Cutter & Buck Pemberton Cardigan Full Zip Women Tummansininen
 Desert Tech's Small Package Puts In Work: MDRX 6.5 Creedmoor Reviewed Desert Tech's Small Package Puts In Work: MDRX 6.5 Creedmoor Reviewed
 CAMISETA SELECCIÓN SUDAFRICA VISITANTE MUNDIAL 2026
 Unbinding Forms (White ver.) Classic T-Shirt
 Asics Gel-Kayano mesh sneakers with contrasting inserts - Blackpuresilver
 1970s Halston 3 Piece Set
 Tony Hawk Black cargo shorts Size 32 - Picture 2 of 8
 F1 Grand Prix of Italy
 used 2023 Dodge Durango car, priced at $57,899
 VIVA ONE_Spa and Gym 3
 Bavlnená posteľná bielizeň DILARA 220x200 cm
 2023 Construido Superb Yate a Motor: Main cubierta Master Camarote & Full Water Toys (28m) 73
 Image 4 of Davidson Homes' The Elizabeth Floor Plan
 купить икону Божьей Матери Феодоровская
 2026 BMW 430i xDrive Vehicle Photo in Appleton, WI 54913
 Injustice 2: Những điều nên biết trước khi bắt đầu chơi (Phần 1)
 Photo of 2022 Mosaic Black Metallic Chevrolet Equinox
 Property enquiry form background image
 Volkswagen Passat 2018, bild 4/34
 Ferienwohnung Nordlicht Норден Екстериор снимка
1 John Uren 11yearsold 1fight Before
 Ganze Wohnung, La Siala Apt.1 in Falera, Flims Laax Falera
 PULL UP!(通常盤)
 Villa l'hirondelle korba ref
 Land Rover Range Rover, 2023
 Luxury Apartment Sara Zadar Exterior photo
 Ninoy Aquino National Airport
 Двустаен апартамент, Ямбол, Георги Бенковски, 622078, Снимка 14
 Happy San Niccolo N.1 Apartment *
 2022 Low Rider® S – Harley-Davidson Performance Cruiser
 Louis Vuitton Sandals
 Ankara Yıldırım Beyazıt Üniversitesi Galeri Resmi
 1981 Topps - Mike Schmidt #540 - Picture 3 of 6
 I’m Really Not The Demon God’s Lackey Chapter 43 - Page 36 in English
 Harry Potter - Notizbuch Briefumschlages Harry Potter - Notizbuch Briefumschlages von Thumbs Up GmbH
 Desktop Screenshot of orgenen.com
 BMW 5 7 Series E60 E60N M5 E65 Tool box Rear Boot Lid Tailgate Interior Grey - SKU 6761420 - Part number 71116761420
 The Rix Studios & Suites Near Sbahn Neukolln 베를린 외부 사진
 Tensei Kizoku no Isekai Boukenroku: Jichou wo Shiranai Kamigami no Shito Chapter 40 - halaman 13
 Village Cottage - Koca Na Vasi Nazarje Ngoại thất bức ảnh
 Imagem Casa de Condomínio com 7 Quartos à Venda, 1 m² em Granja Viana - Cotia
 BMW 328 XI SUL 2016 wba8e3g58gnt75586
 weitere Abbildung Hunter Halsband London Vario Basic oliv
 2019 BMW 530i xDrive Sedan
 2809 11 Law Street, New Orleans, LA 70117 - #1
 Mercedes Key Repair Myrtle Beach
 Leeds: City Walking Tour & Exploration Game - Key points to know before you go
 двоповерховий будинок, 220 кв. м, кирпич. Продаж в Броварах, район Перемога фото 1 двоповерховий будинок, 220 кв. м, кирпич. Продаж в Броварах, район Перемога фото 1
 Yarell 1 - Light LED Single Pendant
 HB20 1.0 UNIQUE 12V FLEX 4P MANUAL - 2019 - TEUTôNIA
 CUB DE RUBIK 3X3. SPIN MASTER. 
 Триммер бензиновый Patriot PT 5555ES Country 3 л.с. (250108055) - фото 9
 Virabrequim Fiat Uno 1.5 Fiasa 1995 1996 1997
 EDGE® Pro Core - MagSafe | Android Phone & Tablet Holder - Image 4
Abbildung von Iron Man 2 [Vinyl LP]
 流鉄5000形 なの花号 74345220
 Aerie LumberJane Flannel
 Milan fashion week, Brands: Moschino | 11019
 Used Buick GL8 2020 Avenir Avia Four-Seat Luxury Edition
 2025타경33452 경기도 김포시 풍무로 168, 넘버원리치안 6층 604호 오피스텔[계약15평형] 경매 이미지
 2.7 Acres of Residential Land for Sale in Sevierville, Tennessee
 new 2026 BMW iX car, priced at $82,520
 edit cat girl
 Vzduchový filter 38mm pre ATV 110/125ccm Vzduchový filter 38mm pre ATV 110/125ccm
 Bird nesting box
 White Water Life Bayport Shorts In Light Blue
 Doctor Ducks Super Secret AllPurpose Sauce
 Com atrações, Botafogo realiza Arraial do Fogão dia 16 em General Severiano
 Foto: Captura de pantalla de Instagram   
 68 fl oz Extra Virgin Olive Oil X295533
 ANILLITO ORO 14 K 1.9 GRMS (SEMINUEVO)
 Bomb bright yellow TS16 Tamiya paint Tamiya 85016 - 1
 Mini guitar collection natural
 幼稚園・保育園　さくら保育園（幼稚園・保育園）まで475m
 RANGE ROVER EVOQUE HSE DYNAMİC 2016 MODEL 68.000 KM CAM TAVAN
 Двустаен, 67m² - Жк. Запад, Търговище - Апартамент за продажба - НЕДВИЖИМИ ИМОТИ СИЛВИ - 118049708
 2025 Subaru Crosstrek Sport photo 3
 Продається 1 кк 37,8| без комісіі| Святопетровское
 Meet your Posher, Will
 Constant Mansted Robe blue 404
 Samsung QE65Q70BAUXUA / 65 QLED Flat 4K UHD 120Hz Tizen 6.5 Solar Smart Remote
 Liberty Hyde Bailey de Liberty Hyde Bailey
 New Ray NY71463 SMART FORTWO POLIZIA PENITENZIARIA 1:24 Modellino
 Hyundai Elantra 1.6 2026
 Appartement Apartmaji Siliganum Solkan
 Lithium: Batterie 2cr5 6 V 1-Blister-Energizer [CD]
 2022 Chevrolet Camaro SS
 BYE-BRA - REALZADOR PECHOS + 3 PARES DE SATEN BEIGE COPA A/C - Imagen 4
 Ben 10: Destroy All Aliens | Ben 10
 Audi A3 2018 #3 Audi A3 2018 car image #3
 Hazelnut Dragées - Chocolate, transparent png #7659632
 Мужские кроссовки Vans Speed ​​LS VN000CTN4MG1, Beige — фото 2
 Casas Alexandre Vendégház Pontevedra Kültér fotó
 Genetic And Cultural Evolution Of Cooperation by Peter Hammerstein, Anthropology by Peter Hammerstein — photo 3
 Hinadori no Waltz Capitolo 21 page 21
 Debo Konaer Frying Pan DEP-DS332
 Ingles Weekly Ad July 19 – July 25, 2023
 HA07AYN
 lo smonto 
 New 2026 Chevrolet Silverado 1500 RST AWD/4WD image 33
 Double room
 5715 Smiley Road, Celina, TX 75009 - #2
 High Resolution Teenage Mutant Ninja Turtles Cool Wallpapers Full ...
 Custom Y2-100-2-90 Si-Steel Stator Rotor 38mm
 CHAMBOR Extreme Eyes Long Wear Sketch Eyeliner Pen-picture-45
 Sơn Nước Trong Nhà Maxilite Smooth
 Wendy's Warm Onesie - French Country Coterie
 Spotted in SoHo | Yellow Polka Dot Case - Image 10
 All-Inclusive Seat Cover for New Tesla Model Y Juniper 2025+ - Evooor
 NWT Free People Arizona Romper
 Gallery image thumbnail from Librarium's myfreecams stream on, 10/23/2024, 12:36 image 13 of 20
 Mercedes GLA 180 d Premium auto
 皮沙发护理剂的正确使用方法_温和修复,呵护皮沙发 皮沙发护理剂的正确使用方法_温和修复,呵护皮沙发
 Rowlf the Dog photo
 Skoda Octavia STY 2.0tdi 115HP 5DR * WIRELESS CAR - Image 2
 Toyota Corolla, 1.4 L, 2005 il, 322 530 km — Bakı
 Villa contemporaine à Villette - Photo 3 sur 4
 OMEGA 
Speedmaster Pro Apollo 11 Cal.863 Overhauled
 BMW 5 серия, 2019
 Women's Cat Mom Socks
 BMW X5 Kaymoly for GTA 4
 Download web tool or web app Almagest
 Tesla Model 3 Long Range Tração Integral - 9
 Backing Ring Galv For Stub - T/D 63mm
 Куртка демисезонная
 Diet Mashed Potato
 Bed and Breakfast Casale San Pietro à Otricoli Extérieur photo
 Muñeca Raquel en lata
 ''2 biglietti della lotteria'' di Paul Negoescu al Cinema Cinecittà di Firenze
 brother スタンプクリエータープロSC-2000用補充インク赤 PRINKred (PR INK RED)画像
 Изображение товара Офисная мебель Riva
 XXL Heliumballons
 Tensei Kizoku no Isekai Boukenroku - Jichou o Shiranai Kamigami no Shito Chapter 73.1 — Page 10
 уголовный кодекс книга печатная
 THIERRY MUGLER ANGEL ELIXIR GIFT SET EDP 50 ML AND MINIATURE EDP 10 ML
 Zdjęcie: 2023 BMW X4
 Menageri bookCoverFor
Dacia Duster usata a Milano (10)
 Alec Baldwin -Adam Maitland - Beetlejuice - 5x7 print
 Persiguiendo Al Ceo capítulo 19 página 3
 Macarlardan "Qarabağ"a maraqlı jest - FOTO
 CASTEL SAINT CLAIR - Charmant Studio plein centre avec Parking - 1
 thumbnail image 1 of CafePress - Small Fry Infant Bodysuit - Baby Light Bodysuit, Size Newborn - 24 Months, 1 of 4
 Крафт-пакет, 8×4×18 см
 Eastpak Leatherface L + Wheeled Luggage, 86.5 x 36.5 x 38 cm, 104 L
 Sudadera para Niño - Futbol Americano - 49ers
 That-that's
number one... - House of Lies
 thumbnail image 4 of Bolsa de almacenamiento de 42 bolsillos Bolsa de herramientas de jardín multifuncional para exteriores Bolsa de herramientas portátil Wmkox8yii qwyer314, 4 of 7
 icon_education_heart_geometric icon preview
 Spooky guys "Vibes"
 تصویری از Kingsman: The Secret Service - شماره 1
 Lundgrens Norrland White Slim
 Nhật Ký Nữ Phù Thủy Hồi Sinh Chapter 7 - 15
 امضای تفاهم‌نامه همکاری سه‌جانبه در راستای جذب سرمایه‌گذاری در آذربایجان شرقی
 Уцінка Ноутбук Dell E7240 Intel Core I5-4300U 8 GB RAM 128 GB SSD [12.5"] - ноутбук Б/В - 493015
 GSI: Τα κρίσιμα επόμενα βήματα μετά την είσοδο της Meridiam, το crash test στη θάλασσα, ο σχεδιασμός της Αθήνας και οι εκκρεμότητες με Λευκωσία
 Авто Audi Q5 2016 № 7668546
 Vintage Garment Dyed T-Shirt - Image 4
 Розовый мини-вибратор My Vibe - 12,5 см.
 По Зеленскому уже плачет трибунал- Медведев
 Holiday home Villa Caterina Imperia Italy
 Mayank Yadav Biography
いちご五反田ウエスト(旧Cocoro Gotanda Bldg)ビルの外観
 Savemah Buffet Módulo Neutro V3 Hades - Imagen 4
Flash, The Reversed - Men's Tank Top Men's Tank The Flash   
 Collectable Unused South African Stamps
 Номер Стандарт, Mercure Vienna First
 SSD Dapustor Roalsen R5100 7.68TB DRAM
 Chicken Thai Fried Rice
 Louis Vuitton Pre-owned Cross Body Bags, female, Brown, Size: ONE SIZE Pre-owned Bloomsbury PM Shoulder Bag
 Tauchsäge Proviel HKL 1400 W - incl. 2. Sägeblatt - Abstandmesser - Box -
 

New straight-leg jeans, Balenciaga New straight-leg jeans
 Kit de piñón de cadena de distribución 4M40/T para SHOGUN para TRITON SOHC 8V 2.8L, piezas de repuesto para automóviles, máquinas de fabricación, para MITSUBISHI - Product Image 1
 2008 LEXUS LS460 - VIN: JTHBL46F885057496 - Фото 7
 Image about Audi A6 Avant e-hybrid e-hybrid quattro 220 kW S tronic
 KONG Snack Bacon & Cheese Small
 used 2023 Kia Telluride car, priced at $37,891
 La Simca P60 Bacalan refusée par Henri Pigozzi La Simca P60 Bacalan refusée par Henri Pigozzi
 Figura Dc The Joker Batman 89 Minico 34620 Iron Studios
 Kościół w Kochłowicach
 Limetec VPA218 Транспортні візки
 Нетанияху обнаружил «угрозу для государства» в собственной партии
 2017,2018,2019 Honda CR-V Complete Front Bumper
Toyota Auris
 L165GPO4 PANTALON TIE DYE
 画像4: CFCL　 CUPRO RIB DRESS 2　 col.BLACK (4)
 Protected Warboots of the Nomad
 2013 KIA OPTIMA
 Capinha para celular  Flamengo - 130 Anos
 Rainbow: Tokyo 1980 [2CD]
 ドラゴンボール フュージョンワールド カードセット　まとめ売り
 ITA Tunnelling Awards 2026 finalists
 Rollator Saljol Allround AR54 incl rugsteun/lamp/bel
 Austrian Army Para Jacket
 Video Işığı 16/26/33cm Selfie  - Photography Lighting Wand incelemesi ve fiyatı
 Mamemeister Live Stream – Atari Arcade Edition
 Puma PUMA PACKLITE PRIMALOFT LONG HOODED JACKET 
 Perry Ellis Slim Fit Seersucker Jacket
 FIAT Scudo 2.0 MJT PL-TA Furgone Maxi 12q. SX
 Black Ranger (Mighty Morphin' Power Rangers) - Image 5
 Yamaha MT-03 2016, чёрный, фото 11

● ● ●

Throughout the data above, count the lines where the word "Shirt" occurs, and report that figure alone.

EXERCISE ANSWER >>
2